Eight Days of Tebow – Tim Tebow’s baseball swing through Tampa Bay _ is underway. To mark the occasion, the Times spoke with Ohio State football coach Urban Meyer, who led Florida to national championships in 2006 and 2008. Meyer recruited Tebow out of high school and the two will be forever linked by more than those championships or Tebow’s 2007 Heisman Trophy. Meyer, who calls Tebow, “The most impactful player ever to play at the University of Florida,” talked baseball, football and all things Tebow. Meyer played minor-league baseball in the Atlanta Braves system, 1982-83.
“It’s time-tested with Tim. I go back to watching him play baseball in his junior year of high school. That’s when our relationship started. Whether it was on the field or off the field, I’ve seen him do a lot of things that maybe people said he couldn’t do and most people can’t do. Once he puts his mind to it, he’s one of the few people I’ve known who I say don’t ever bet against him. I’d never bet against Tim Tebow.
“When he puts his laser focus on something, he’s going to do it. No amount of time, no amount of injury, no amount of pain, is going to get in the way of that. His greatest gift is toughness. He’s going to battle through anything, whether it’s injury or criticism or skepticism. Whatever obstacle, he’s going to be relentless in overcoming it.
“Tim and I spent a minimum of eight hours together a day (at Florida). It started with lunch and it ended with dinner. Every day. Even on days off, Sundays, he’d come in. I never quite had a relationship like that with any other player.
“What I learned the most of all came off the field. He had the absolute, unchallenged, unwavering belief in living his faith every day. He spent every day trying to make someone else’s day brighter. A lot of times you hear that about people to some respect, but not every day.
“Tim makes you look at yourself. And sometimes you don’t exactly like what you see. I fell into that. I’ve never met someone quite like that, someone who, from A to Z, what he’s living is real. He makes you self-evaluate. Sometimes I look at his critics and, while I don’t feel sorry for them, I wonder what’s the issue here?
“There are going to be critics out there who say that this is bad for baseball. Go explain to me again: Why is it bad for baseball? Explain that to me.
“Will he make it? You need to give me the definition of ‘making it.’ If it’s a Hall of Famer, if it’s major league baseball, if it’s Triple-A. Baseball, I played it in the minors. It’s really, really hard. I think he’s already made it in some ways. Know what I mean?

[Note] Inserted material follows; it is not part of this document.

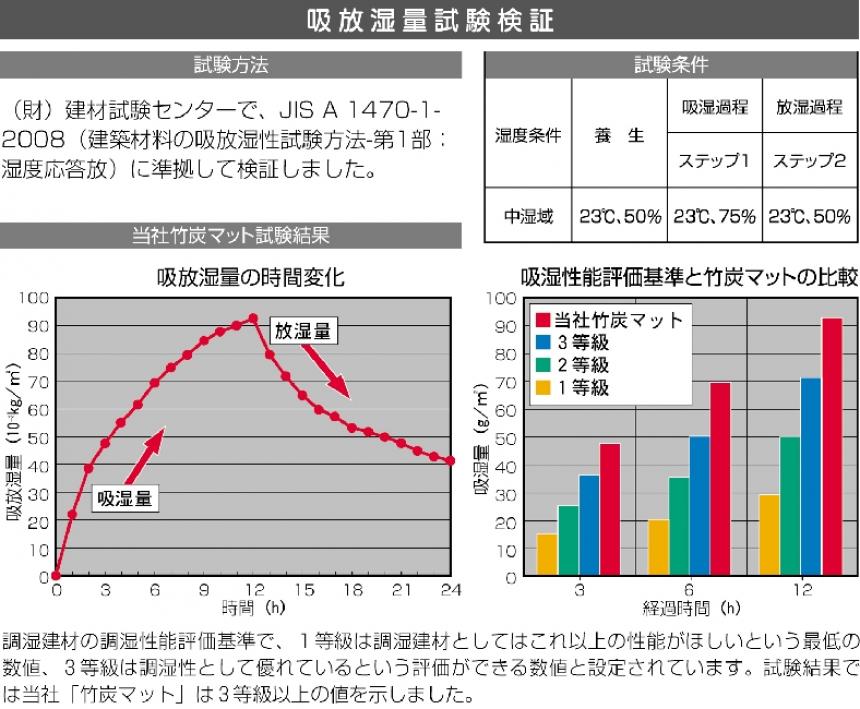 床下乾々 竹炭マット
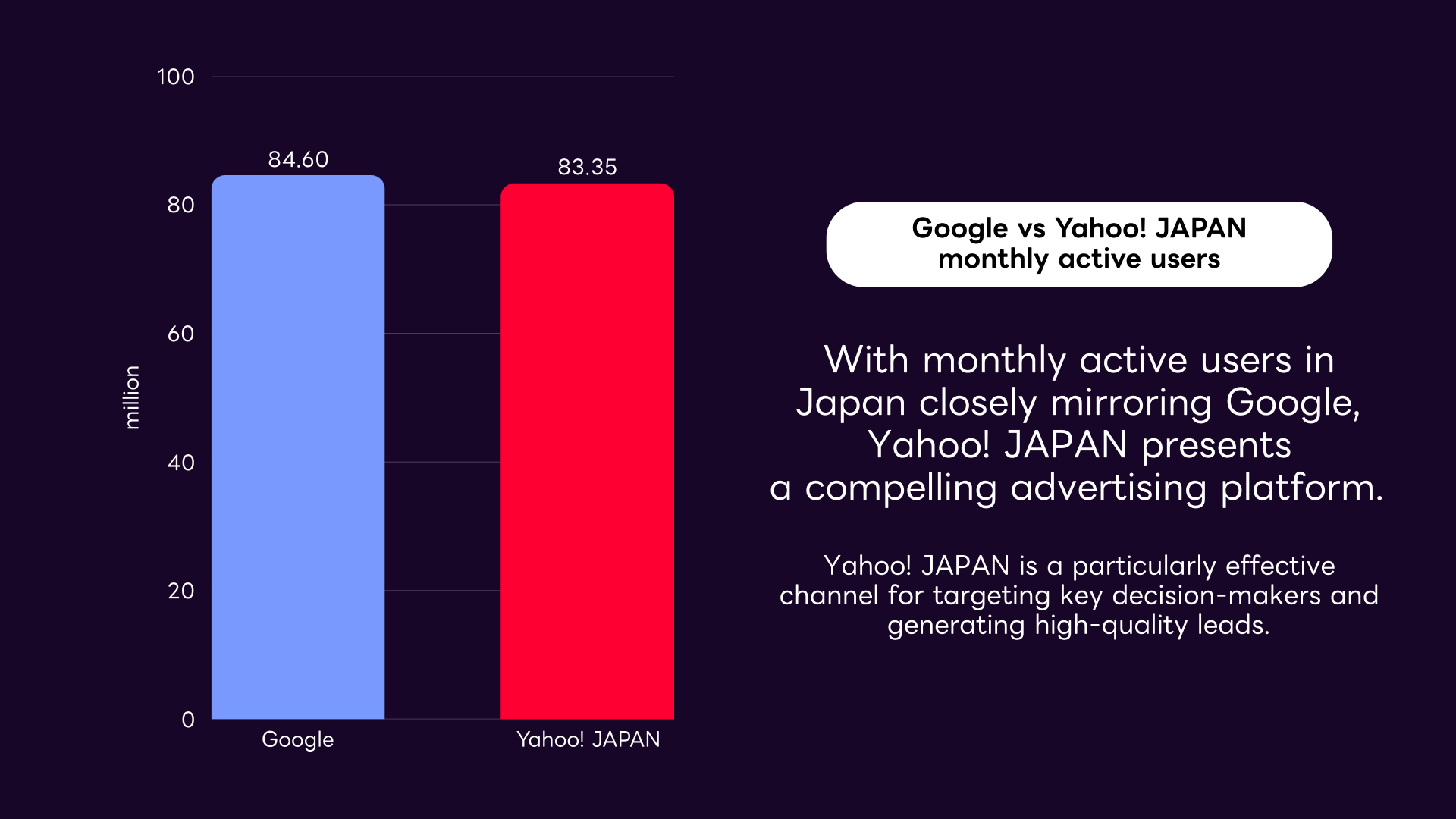 Google vs Yahoo! JAPAN monthly active users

“When I first heard (he was trying baseball), I did question it. I know how hard it is. You can’t just tough your way through baseball. There’s a skill set. Football is so different. So, when I first heard about it, I had to regroup —let’s talk about this. We did talk about it. But then he started training, really training, well before anyone knew about it. Then I didn’t doubt him one bit. He has got power. He has tightened up his swing. His fielding is going to come along. I’m not surprised at all. I’m pulling for him.
“He has changed my life like he has changed millions of others.”